Exercise instructions
Repeat the data word for word, excluding every picture.

Data block

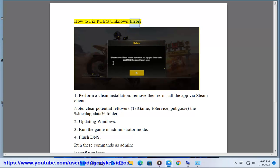How to fix PUBG unknown error. Step 1: Perform a clean installation — remove and reinstall the app via Steam client.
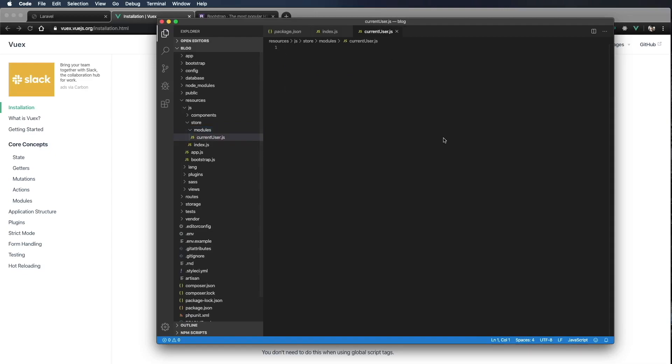I'm going to call that file currentuser.js. And this is going to be our module, our current user module for the Vuex store.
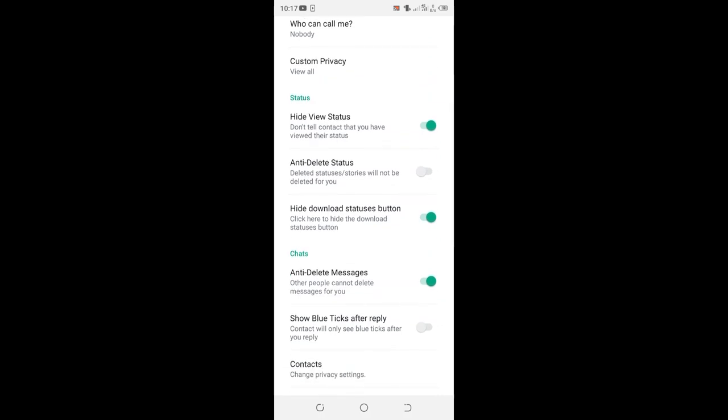You'll see something right here where there is a status option. If the option is turned off, ensure you turn it on.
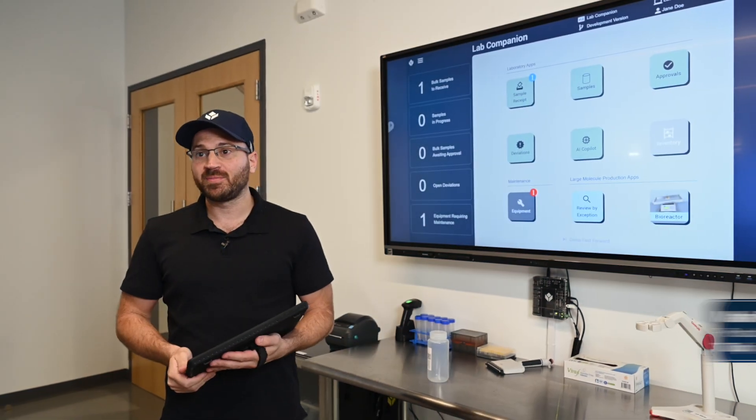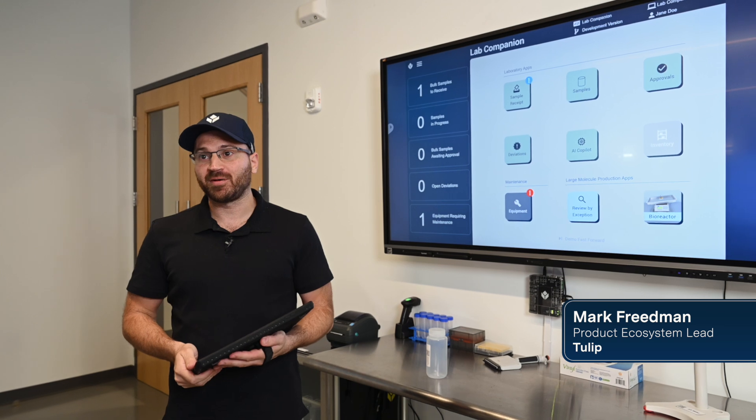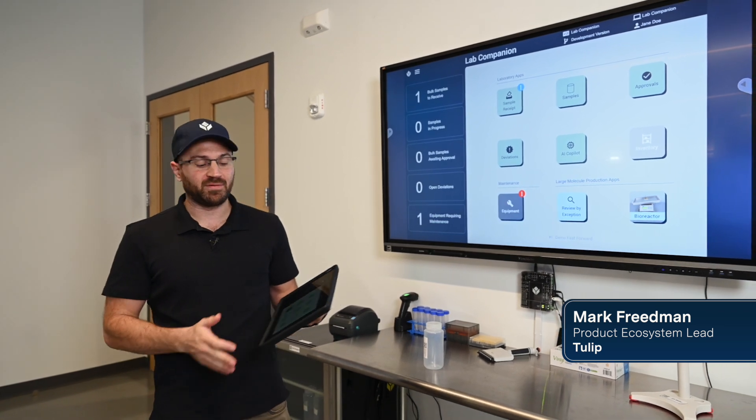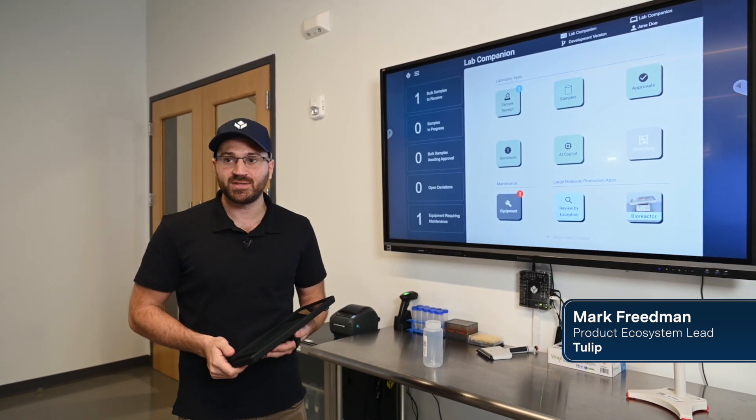Hey everybody, welcome to the Tulip Experience Center. My name is Mark Friedman and I'm going to show you an example of a laboratory management system.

Solved exercise
How to fix PUBG unknown error. Step 1: Perform a clean installation — remove and reinstall the app via Steam client.
I'm going to call that file currentuser.js. And this is going to be our module, our current user module for the Vuex store.
You'll see something right here where there is a status option. If the option is turned off, ensure you turn it on.
Hey everybody, welcome to the Tulip Experience Center. My name is Mark Friedman and I'm going to show you an example of a laboratory management system.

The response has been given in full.